[[ Provided records open ]]
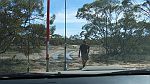 06-Shane returns from checking out the boggy Big Desert track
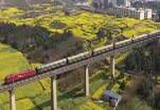 列车穿越花海 滇黔跨省旅游专列开行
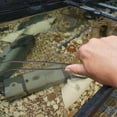 thumbnail image 1 of FOMIYES 1 De Pinzas Y Para Cambio De Y Mantenimiento En Acuario, 1 of 8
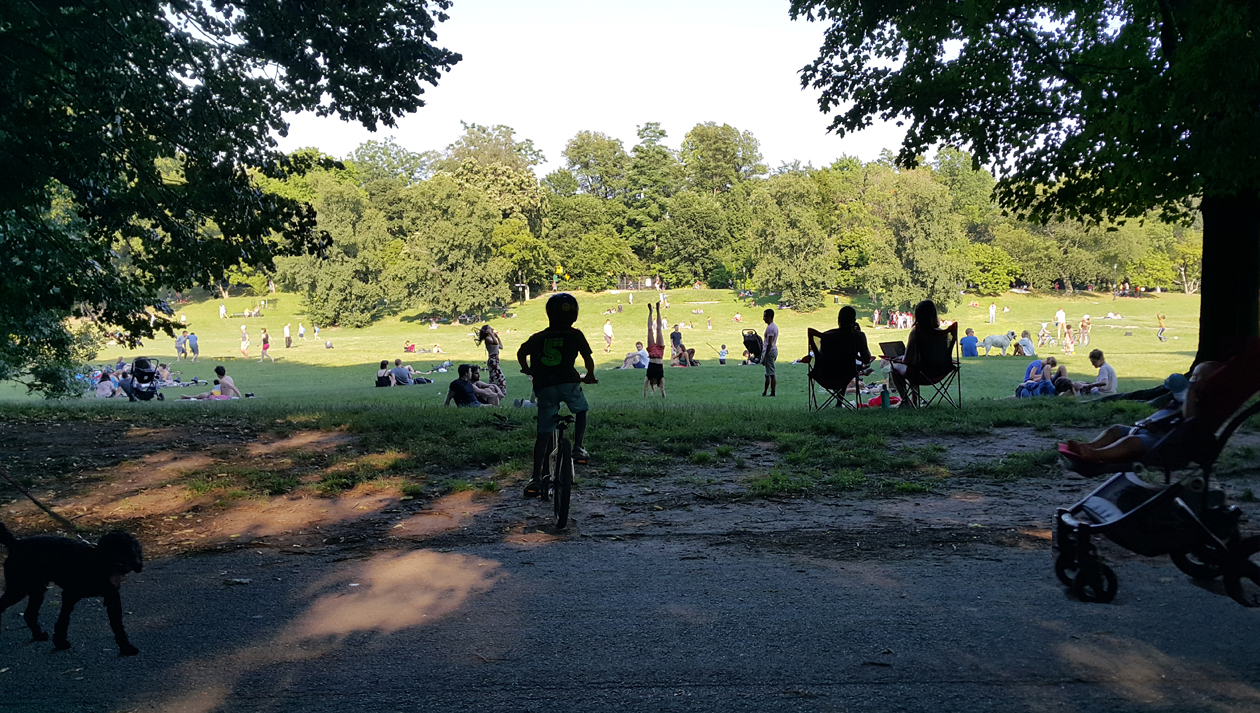 Nice Afternoon in Prospect Park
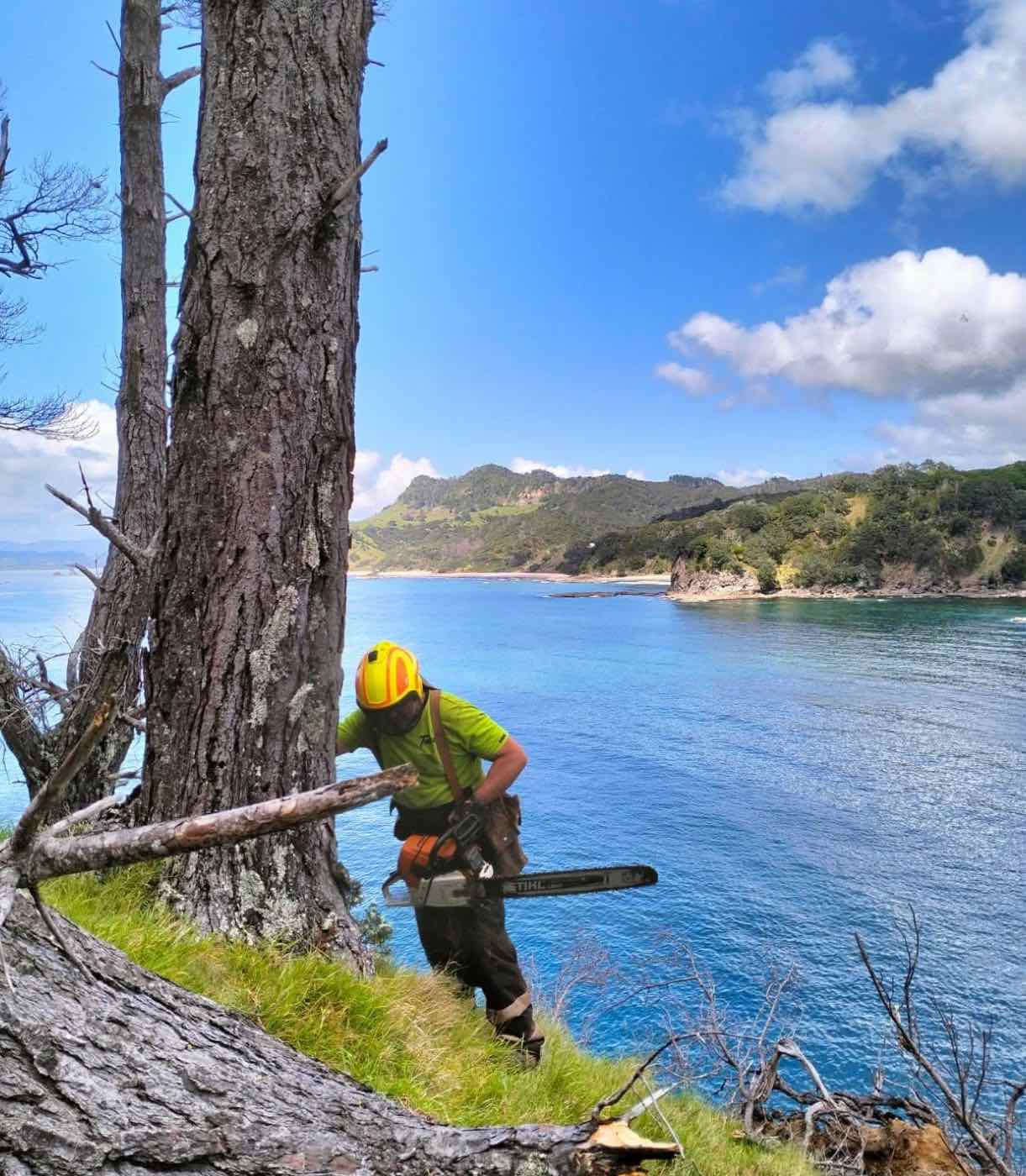 Felling dead pines on a coastal clifftop, with the bay behind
[[ Provided records closed ]]
Exercise aim
Leave the pictures out and print every record exactly.

Answer below
 06-Shane returns from checking out the boggy Big Desert track
 列车穿越花海 滇黔跨省旅游专列开行
 thumbnail image 1 of FOMIYES 1 De Pinzas Y Para Cambio De Y Mantenimiento En Acuario, 1 of 8
 Nice Afternoon in Prospect Park
 Felling dead pines on a coastal clifftop, with the bay behind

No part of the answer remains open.